Menteri Perdagangan Enggartiasto Lukita mengatakan, kunjungan kerja ke AS merupakan salah satu strategi yang dilakukan untuk mencapai ekspor nonmigas yang ditargetkan naik 7,5 persen dibandingkan tahun lalu atau sebesar 175,9 miliar dolar AS. "Upaya untuk meningkatkan kinerja ekspor harus dilakukan sedini dan semaksimal mungkin di tengah kondisi perlambatan pertumbuhan ekonomi global," ujarnya dalam rilis yang diterima Republika.co.id, Ahad (13/1).
Neraca perdagangan nonmigas tercatat surplus sebesar 4,64 miliar dolar AS pada Januari sampai November 2018. Dalam periode tersebut, ekspor secara keseluruhan tumbuh positif sebesar 7,7 persen dengan nilai ekspor migas sebesar 15,65 miliar dolar AS dan ekspor nonmigas 150,14 miliar dolar AS.
Dalam kunjungan kerja ini, Enggar dijadwalkan melakukan sejumlah pertemuan. Salah satunya yaitu pertemuan bilateral dengan Duta Besar Perwakilan Perdagangan AS (USTR Ambassador) Robert Lighthizer guna menindaklanjuti pemberian tarif preferensial yaitu sistem preferensi umum (Generalized System of Preferences/GSP). Sebanyak 3.546 produk Indonesia diberikan fasilitas GSP berupa eliminasi tarif hingga 0 persen.

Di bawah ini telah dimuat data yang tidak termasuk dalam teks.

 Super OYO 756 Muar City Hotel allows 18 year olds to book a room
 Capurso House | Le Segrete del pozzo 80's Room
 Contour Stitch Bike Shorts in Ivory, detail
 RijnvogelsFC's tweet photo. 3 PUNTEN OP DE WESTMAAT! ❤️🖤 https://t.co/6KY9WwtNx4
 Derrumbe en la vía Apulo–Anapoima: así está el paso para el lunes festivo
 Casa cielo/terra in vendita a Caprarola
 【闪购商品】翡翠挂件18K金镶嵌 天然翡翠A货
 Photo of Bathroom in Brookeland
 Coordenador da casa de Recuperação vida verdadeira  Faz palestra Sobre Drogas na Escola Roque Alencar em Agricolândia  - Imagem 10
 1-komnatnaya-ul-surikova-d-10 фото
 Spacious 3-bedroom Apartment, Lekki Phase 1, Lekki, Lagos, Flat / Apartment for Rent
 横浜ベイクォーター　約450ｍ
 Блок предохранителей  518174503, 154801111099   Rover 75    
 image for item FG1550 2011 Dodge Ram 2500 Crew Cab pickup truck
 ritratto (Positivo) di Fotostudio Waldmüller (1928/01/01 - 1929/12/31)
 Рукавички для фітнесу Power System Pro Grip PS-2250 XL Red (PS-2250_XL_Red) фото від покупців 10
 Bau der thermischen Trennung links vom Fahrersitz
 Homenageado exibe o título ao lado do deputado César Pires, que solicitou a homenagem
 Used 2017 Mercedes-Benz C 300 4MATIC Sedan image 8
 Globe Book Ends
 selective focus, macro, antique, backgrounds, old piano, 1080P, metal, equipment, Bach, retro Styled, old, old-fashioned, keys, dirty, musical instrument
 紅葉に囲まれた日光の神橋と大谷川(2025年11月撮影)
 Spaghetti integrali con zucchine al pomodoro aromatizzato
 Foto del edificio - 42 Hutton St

Dalam tujuh bulan terakhir, pemerintah Indonesia telah melakukan komunikasi dan koordinasi intensif dengan AS agar status Indonesia dapat tetap dipertahankan di bawah skema GSP. Sebab, program ini memberi manfaat baik kepada eksportir Indonesia maupun importir AS yang mendapat pasokan produk yang dibutuhkan.
Pada Oktober 2017, Pemerintah AS melalui USTR mengeluarkan Peninjauan Kembali Penerapan GSP Negara (CPR) terhadap 25 negara penerima GSP, dan Indonesia termasuk di dalamnya. Pada 13 April 2018, USTR secara eksplisit menyebutkan akan melakukan peninjauan pemberian GSP kepada Indonesia, India, dan Kazakhstan. Hal ini tertuang dalam Federal Register Vol. 83, No. 82. Pada 30 Mei 2018, AS juga mengumumkan akan melakukan peninjauan GSP terhadap Thailand.
Enggar juga dijadwalkan bertemu dengan CEO Kamar Dagang dan Industri (Kadin) AS Tom Donohue dan para pelaku usaha AS. Antara lain yang bergerak di sektor alas kaki dan garmen; serta pertemuan dengan para calon investor potensial. Selain itu, ia juga akan menghadiri seminar mengenai kelapa sawit, menghadiri forum bisnis, dan membuka penjajakan kesepakatan bisnis (business matching).
Kunjungan kerja ke AS tidak hanya diisi dengan pertemuan formal di AS, namun juga diikuti dengan penjualan secara langsung melalui misi dagang. Menurut Enggar, hal ini dimaksudkan untuk memaksimalkan hasil kunjungan kerja.
Dengan forum bisnis dan business matching, Enggar berharap para pengusaha dapat bertransaksi secara langsung dan membangun bisnisnya. "Jadi, nantinya dapat meningkatkan kinerja perdagangan kedua negara," katanya.
Sebanyak 15 pengusaha turut dalam misi dagang kali ini. Pelaku usaha tersebut bergerak di sektor kelapa sawit, alumunium dan baja, hasil laut, kedelai dan gandum, kapas dan tekstil, kopi, ban mobil, emas dan perhiasan, serta daging sapi. Selain itu, turut serta Badan Pengelola Dana Perkebunan Kelapa Sawit, Gabungan Perusahaan Kelapa Sawit Indonesia (Gapki), Indonesia Biofuels Producers Association (APROBI-IBPA), dan Gabungan Industri Minyak Nabati Indonesia (GIMNI).
Total perdagangan Indonesia-AS mencapai 25,92 miliar dolar AS, surplus untuk Indonesia sebesar dolar AS 9,7 miliar. Total perdagangan dalam lima tahun terakhir menunjukkan tren positif sebesar 0,39 persen. Pada tahun 2017, AS merupakan negara tujuan ekspor nonmigas ke-2 setelah China dengan nilai 17,1 miliar dolar AS. Produk ekspor utama Indonesia ke AS, antara lain udang, karet alam, alas kaki, ban, dan pakaian wanita.
Sementara dari segi impor, AS menjadi negara sumber impor nonmigas ke-5 bagi Indonesia senilai 7,7 miliar dolar AS. Produk impor utama Indonesia dari AS, antara lain kacang kedelai, kapas, gandum, residu pabrik tepung dan limbah makanan, serta makanan olahan untuk hewan.